- [TASK]
Using the entries below, copy exactly each line from the line with "Modern oasis logo" up to and including the line with "Avanity Paisley 48-in", with every picture left out.

- [WORKING DATA]
::::

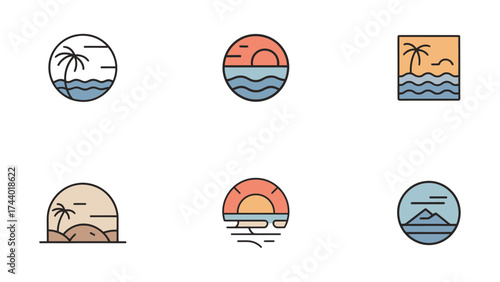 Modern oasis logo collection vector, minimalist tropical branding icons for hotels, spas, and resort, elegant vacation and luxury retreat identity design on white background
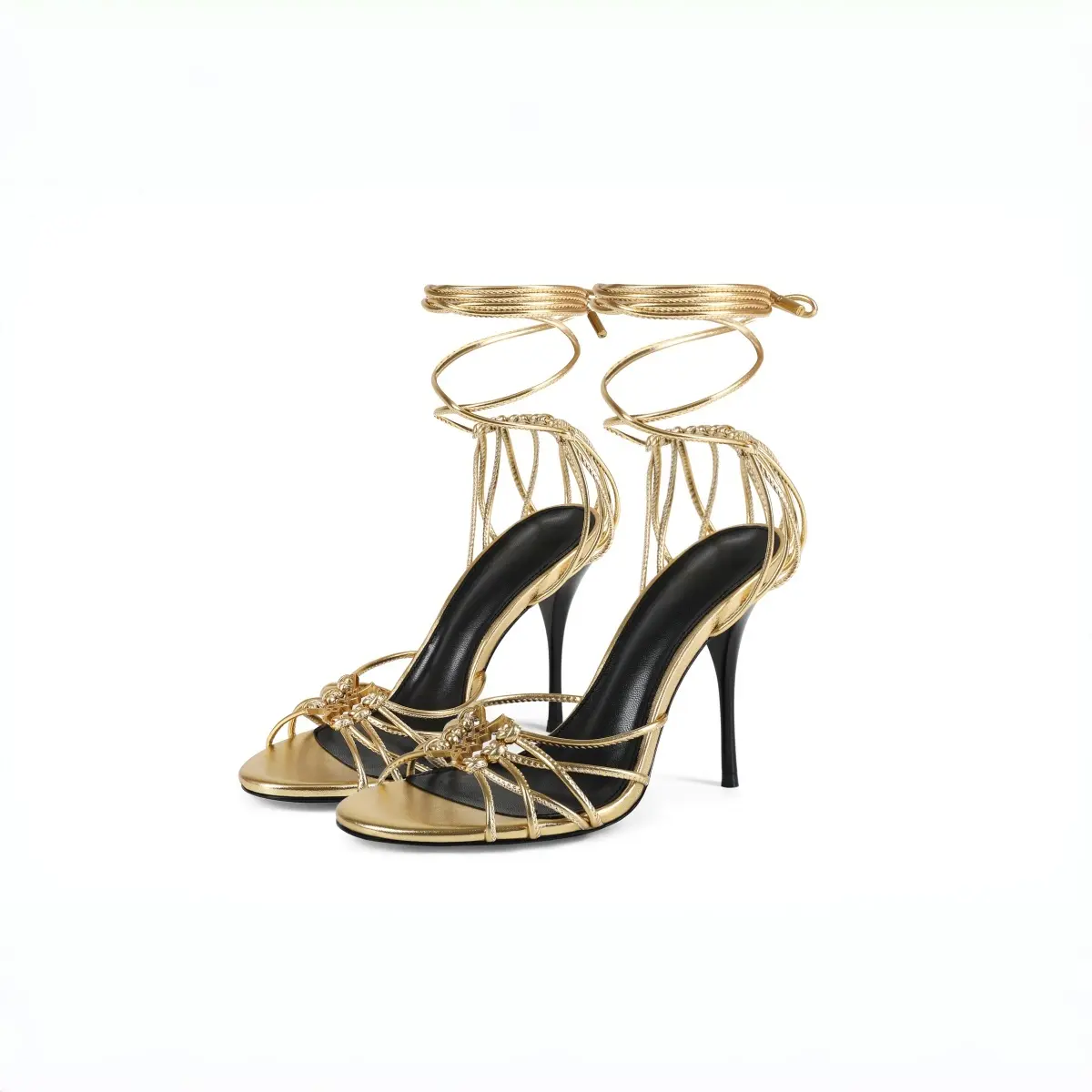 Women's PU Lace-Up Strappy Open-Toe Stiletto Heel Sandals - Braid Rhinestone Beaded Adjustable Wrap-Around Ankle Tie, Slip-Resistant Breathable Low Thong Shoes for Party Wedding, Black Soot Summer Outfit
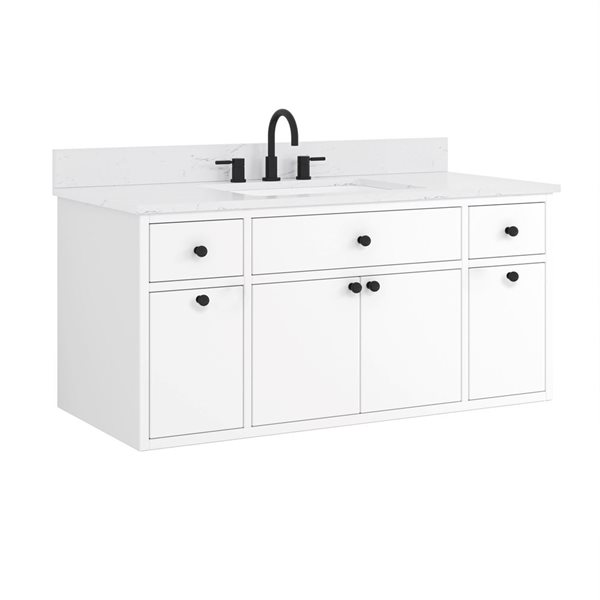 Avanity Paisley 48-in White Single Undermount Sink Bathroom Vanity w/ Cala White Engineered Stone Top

::::

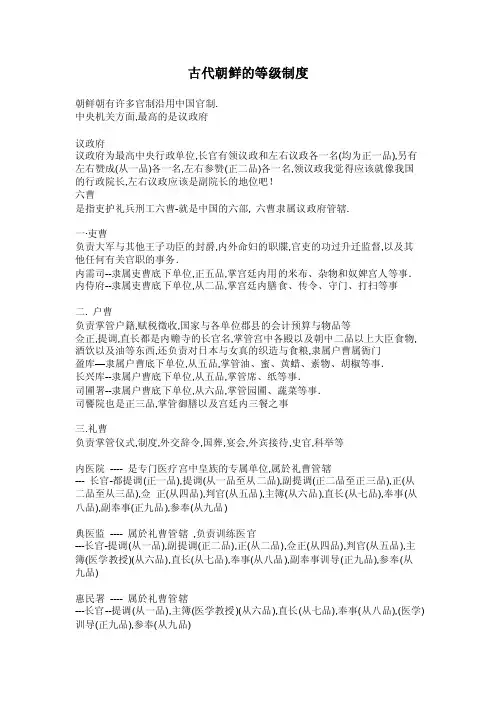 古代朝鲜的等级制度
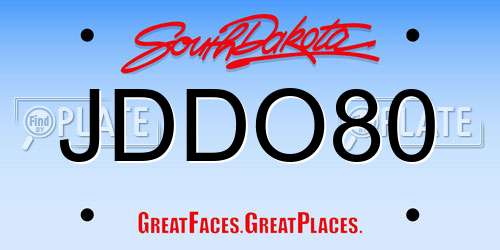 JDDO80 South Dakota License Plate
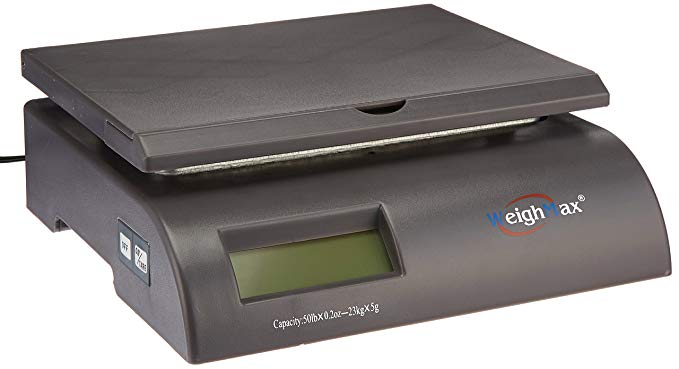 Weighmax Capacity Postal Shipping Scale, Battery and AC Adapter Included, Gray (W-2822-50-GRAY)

::::

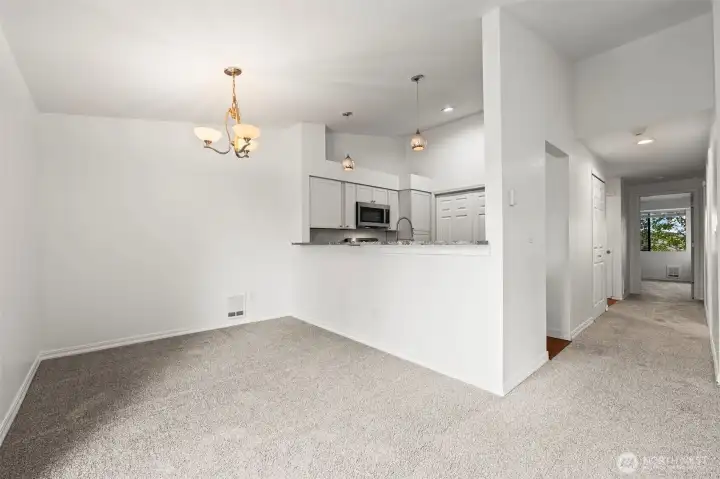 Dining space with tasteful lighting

::::

- [ANSWER TO THIS PROBLEM]
 Modern oasis logo collection vector, minimalist tropical branding icons for hotels, spas, and resort, elegant vacation and luxury retreat identity design on white background
 Women's PU Lace-Up Strappy Open-Toe Stiletto Heel Sandals - Braid Rhinestone Beaded Adjustable Wrap-Around Ankle Tie, Slip-Resistant Breathable Low Thong Shoes for Party Wedding, Black Soot Summer Outfit
 Avanity Paisley 48-in White Single Undermount Sink Bathroom Vanity w/ Cala White Engineered Stone Top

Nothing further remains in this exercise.